I have a dataset where I want to select only one row for each individual each year - however, I would like to mutate a column so that if it says 'yes' for any of that persons rows then all the rows say 'yes'.
This is an example of the dataset I have:
So where the name, clinic and year are the same, I want the tested column to say 'yes' if any of the other rows for that grouping say 'yes'.

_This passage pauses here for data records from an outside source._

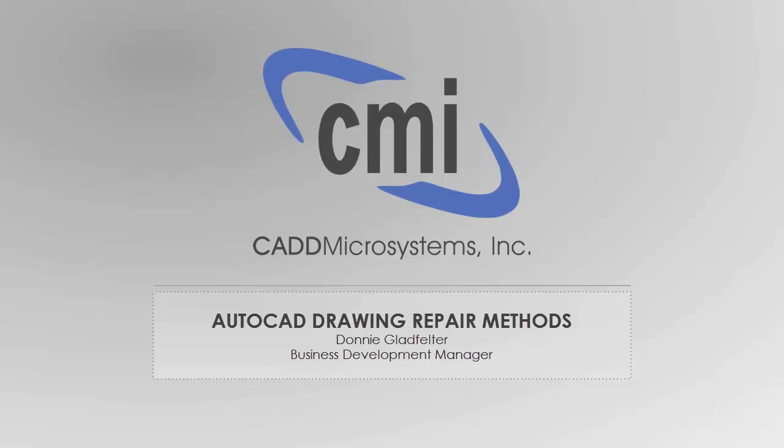This is Donny Gladfelter, Business Development Manager and Technical Specialist here at CAD Microsystems. In this video, I'll review some of the most effective methods for repairing AutoCAD drawings that you're otherwise having trouble with.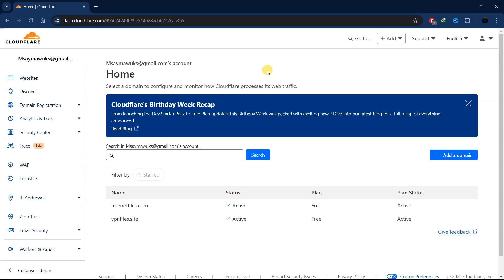Welcome back to the channel. Today I'm going to show you how to create a custom email using your domain and link it with Gmail so that you can send or receive emails using that custom email.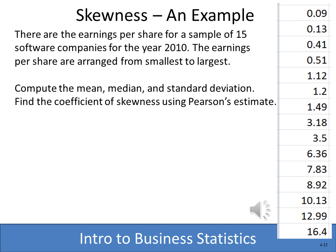Here is the example data we'll work with: earnings per share for 15 different software companies. To compute skewness using Pearson's method, we first need to compute the mean, the median, and the standard deviation, which we'll show on the next slide.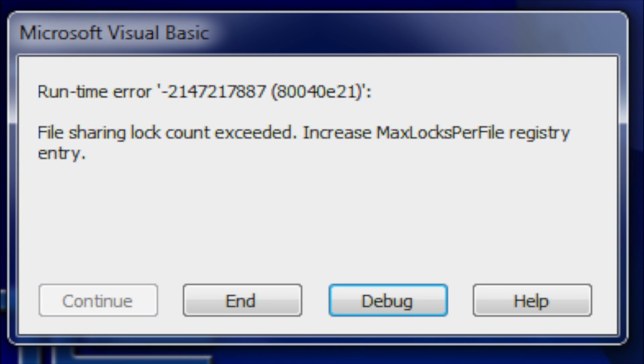Hello everyone. Today I will be showing you how to solve an error that sometimes happens in Microsoft Access. Here is a screenshot of the error. The error message says file sharing lock count exceeded, increase MaxLocksPerFile registry entry.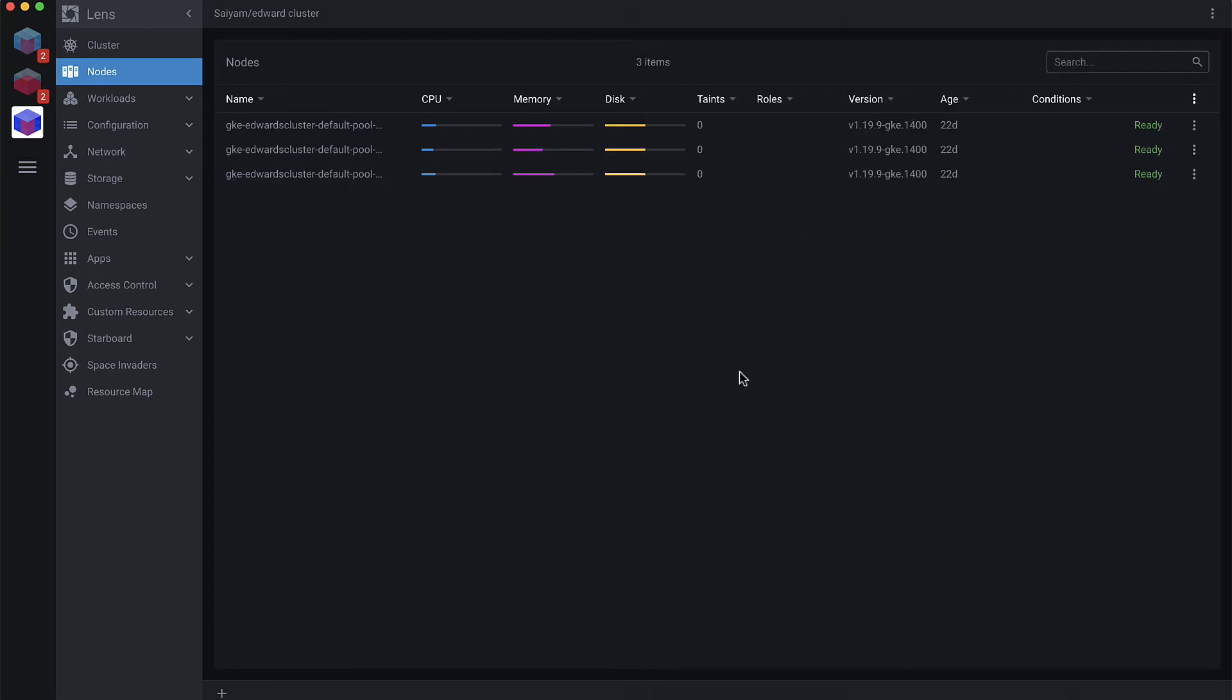Whether you're running a GKE cluster, a K0s cluster, an EKS cluster, or a Minikube cluster, you will always be matched to the correct context of that Kubernetes cluster.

Therefore, this is what I would want the dataset to finally look like:
This is quite straightforward using dplyr
. Here is an option:
library(dplyr)
#>
#> Attaching package: 'dplyr'
#> The following objects are masked from 'package:stats':
#>
#> filter, lag
#> The following objects are masked from 'package:base':
#>
#> intersect, setdiff, setequal, union
df <- tribble(
~ name, ~ clinic, ~ year, ~ date, ~ tested,
"a", "xxy", 2022, "April", "yes",
"a", "xxy", 2022, "May", "no",
"b", "ggf", 2019, "Jan", "no",
"b", "ggf", 2019, "Feb", "yes",
"c", "ffr", 2018, "March", "yes",
"c", "ffr", 2019, "May", "no"
)
df |>
mutate(tested2 = if_else(any(tested == "yes"), "yes", "no"), .by = c(name, year))
#> # A tibble: 6 × 6
#> name clinic year date tested tested2
#> <chr> <chr> <dbl> <chr> <chr> <chr>
#> 1 a xxy 2022 April yes yes
#> 2 a xxy 2022 May no yes
#> 3 b ggf 2019 Jan no yes
#> 4 b ggf 2019 Feb yes yes
#> 5 c ffr 2018 March yes yes
#> 6 c ffr 2019 May no no
Created on 2024-02-25 with reprex v2.1.0
I would recommend to read this question before posting future questions. It makes easier to help you.